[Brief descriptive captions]
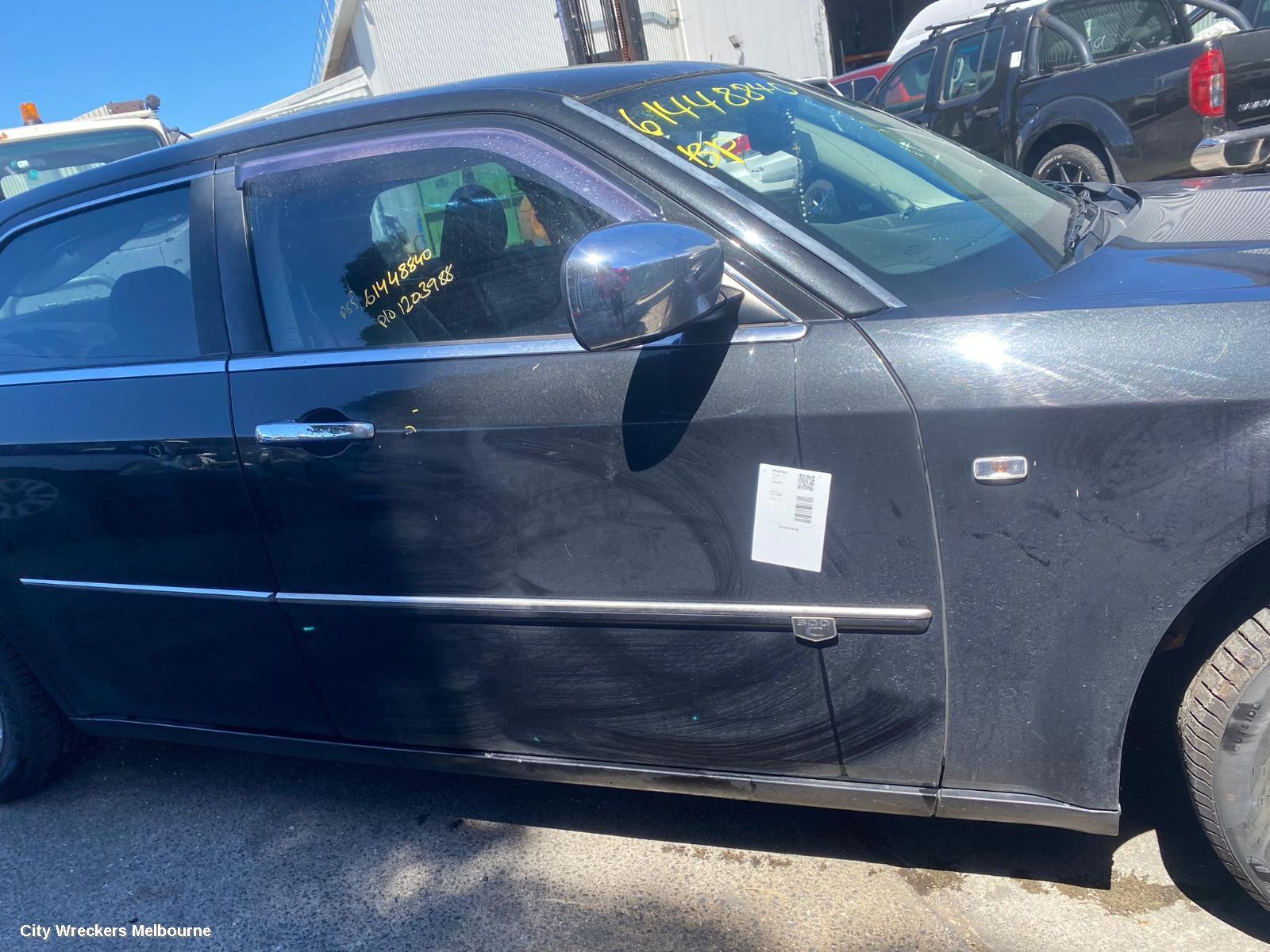 CHRYSLER 300C RIGHT REAR DOOR, 11/2005 - 12/2011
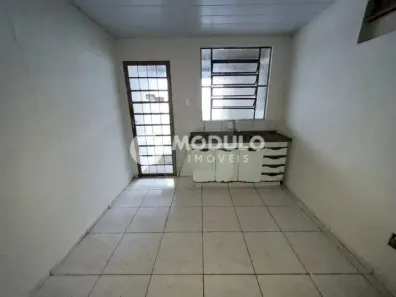 Casa com 3 Quartos para alugar, 65m² no Jardim das Palmeiras, Uberlândia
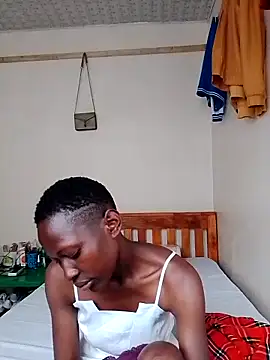 LOVELY-2BERRY online show from December 4, 5:27 am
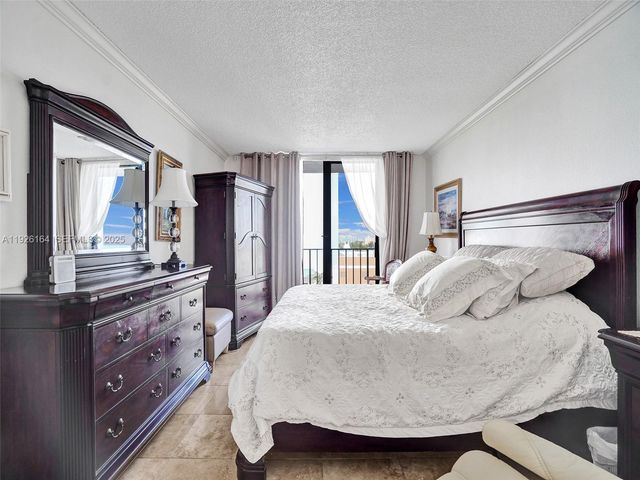 322 Buchanan St 610, Hollywood, FL 33019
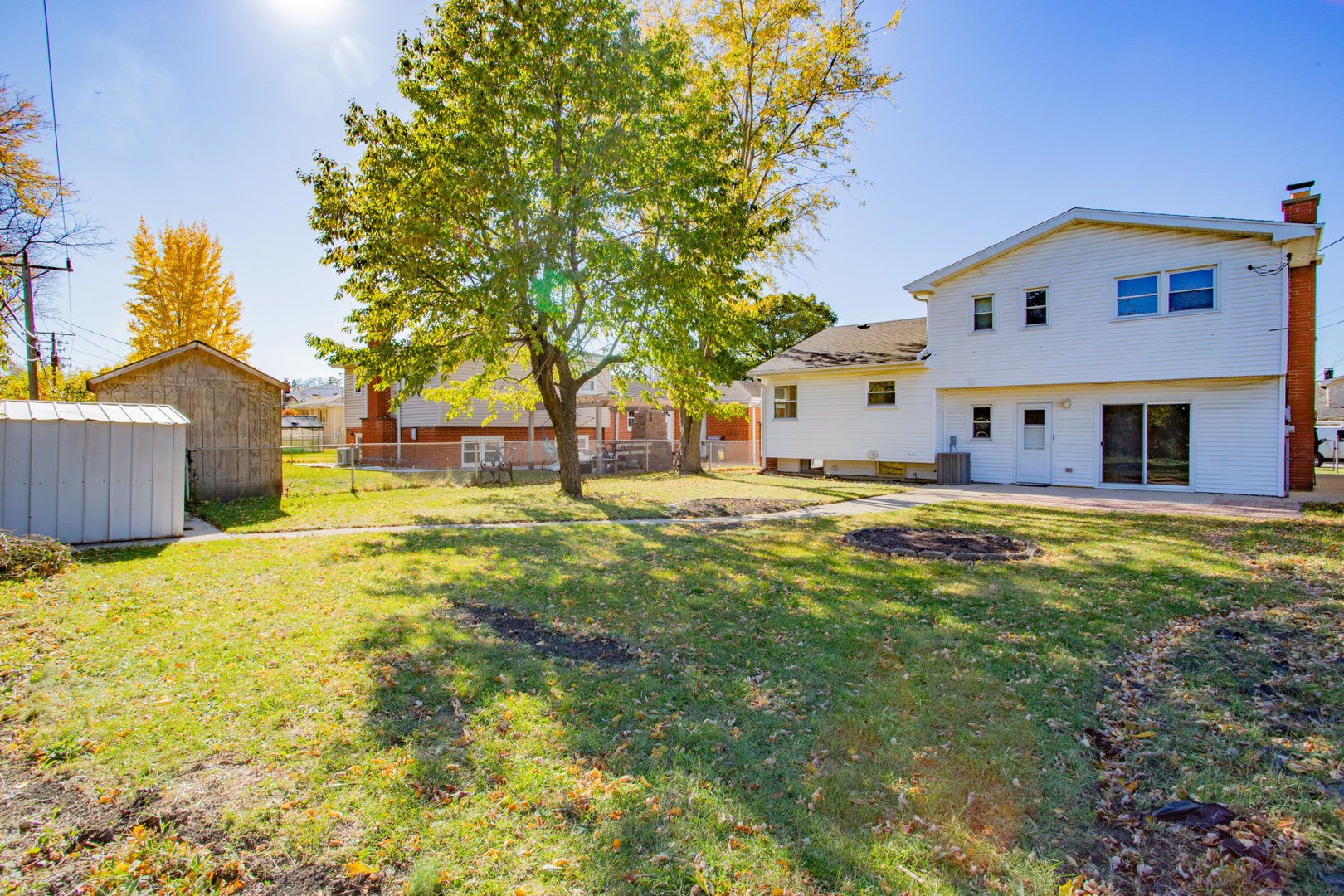 1533 Webster Lane, Des Plaines, IL 60018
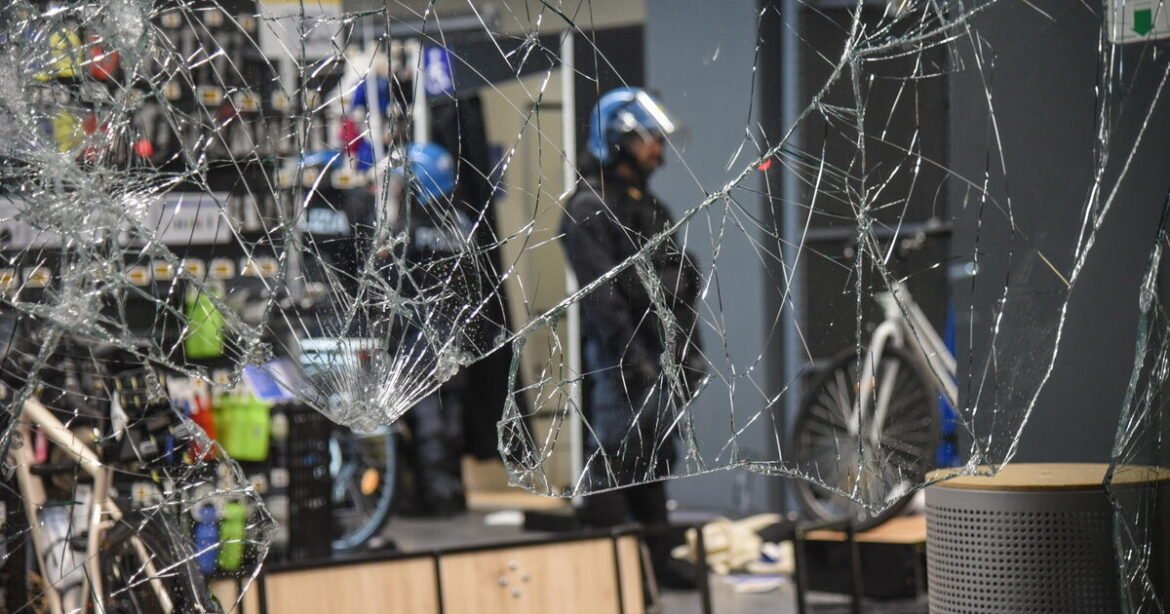 Ιταλία: Ο υπουργός Άμυνας στέλνει 500 στρατιώτες στο Μιλάνο για καταστολή των διαδηλωτών
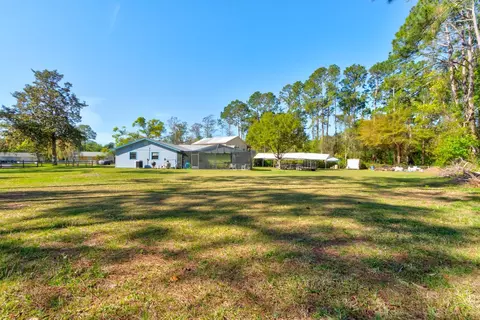 Exterior - 9 Shadow Ln, Ormond Beach, FL 32174 photo 2 of 11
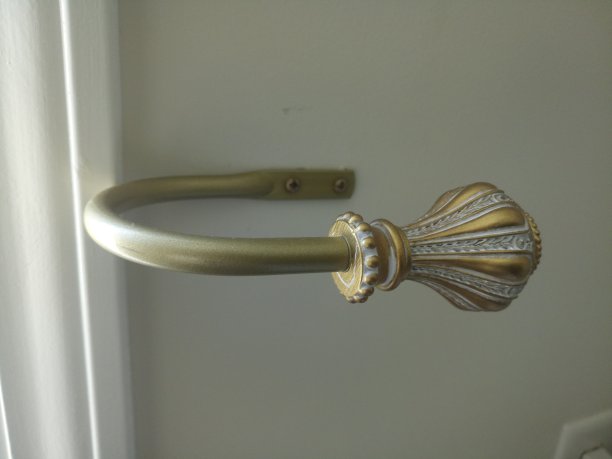 窗帘挂钩的特写。图片下载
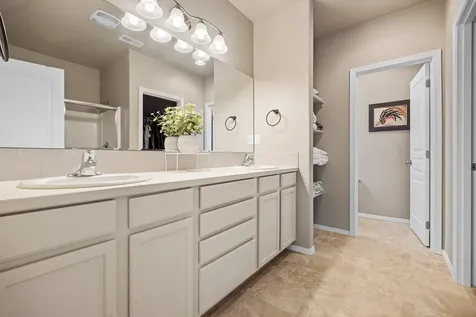 3124 SW Cascade Avenue Redmond OR 97756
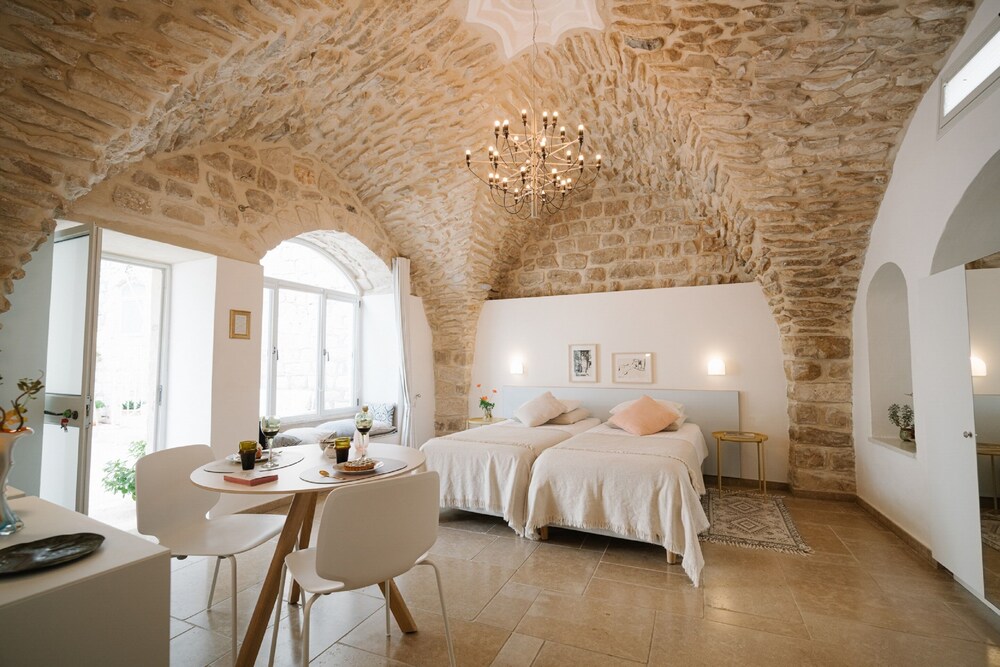 Superior Suite, 1 Bedroom, Private Bathroom, Garden Area photo 1
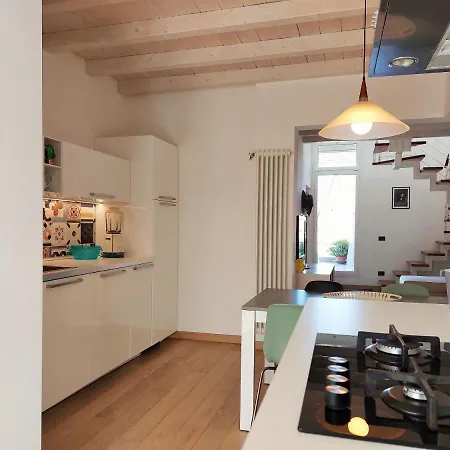 Casa Milla 아파트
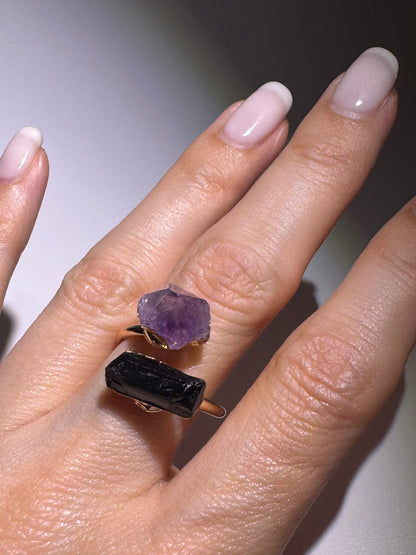 Eleganter grössenverstellbarer Ring mit Amethyst & schwarzem Tourmalin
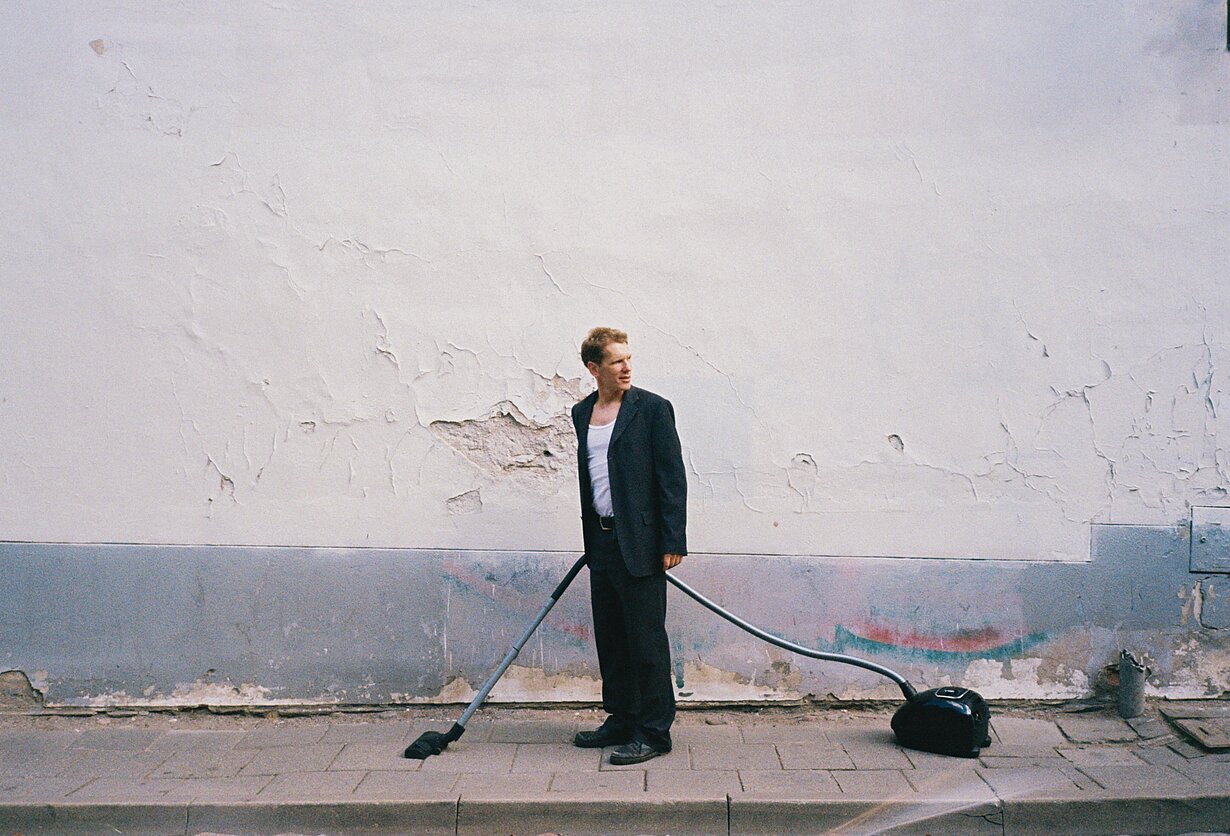 Domas Raibys pristato spektaklį „Nedarbo kalendorius“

» Problem requirements
Return only the part above that opens with the line containing "LOVELY-2BERRY online show" and closes with the line containing "Eleganter grössenverstellbarer Ring", exactly and with both ends, skipping the pictures.

» Answer to this problem
 LOVELY-2BERRY online show from December 4, 5:27 am
 322 Buchanan St 610, Hollywood, FL 33019
 1533 Webster Lane, Des Plaines, IL 60018
 Ιταλία: Ο υπουργός Άμυνας στέλνει 500 στρατιώτες στο Μιλάνο για καταστολή των διαδηλωτών
 Exterior - 9 Shadow Ln, Ormond Beach, FL 32174 photo 2 of 11
 窗帘挂钩的特写。图片下载
 3124 SW Cascade Avenue Redmond OR 97756
 Superior Suite, 1 Bedroom, Private Bathroom, Garden Area photo 1
 Casa Milla 아파트
 Eleganter grössenverstellbarer Ring mit Amethyst & schwarzem Tourmalin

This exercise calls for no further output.